Google CEO Eric Schmidt has a message for the world’s content owners: don’t “focus on the legal aspects” if you want to do business with the world’s leading search engine.
Written by Donna Bogatin, Contributor

Google CEO Eric Schmidt has a message for the world’s content owners: don’t “focus on the legal aspects” if you want to do business with the world’s leading search engine.

In “Google YouTube buys off music companies on the cheap” I discuss Google’s unique ability to sway (intimidate) rights holders into accepting Google-centric views of what is in their best content interests:

Google has apparently succeeded in neutralizing potential copyright infringement claims from three of the four largest music companies in the world, collectively representing more than 50% of the $30 billion plus global recorded music market, at the very Google friendly cost of about $50 million in stock.

Schmidt conveyed Google’s confidence in its ability to deter copyright infringement claims during its Q3 earnings conference call today.

Question from Christa Quarles, Thomas Weisel:

Just a couple of questions on video and YouTube.
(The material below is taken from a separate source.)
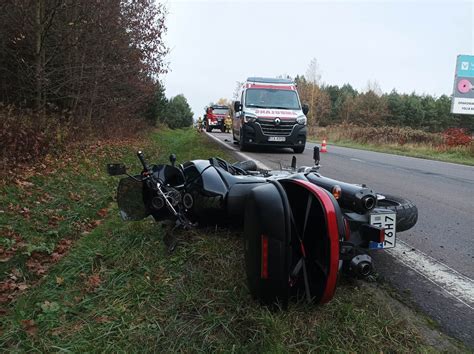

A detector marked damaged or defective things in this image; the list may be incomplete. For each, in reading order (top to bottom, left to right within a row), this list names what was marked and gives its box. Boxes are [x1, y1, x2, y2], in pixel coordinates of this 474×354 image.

crashed motorcycle [108, 148, 418, 306]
First, how heavily are you relying on maybe a liberal interpretation of the Digital Millennium Copyright Act? I guess, how are you going to be responding to some of the copyright commentary out there?

Schmidt:

we are definitely not relying on a liberal or a conservative interpretation of the DMCA. We are relying on the Digital Millennium Copyright Act as it is being imposed by law and there are not a lot of shades of gray in how it works. There's a set of procedures for take down. If you operate under this, companies have a Safe Harbor. We do our very, very best to implement it exactly as prescribed, as does everyone else in the industry. So whether people like it or not, it is the law of the land and we absolutely operate by it…
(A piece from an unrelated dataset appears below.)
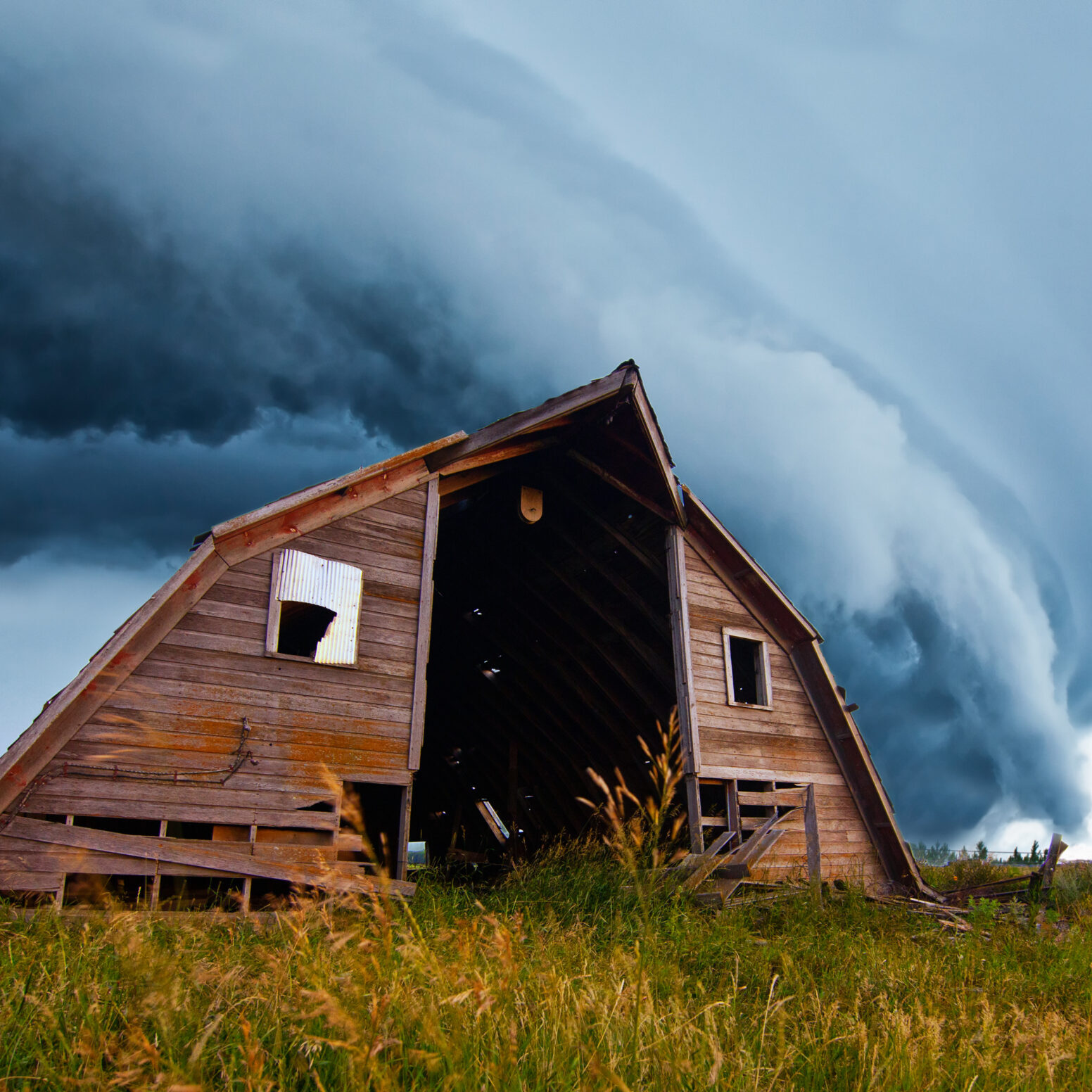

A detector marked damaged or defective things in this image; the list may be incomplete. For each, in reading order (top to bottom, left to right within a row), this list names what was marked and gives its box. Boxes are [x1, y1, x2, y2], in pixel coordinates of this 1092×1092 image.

broken window [266, 546, 364, 664]
broken window [720, 633, 773, 707]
the partnerships are much more than just revenue partnerships. They really are a way of doing business for us going forward. For example, there are a lot of folks on the call asked questions about legal concerns over video. But the strategy with video was to partner, not to focus on the legal aspects, but to focus on the business partnership aspects. Because the folks who, we certainly want to respect everybody's copyrights, and they need us, we need them.

Google speak, supported by a $130 billion plus market cap, can be hypnotic. Schmidt’s “whether people like it or not” DMCA stance, however, belies any notion of equatability within Google’s "partnership" world.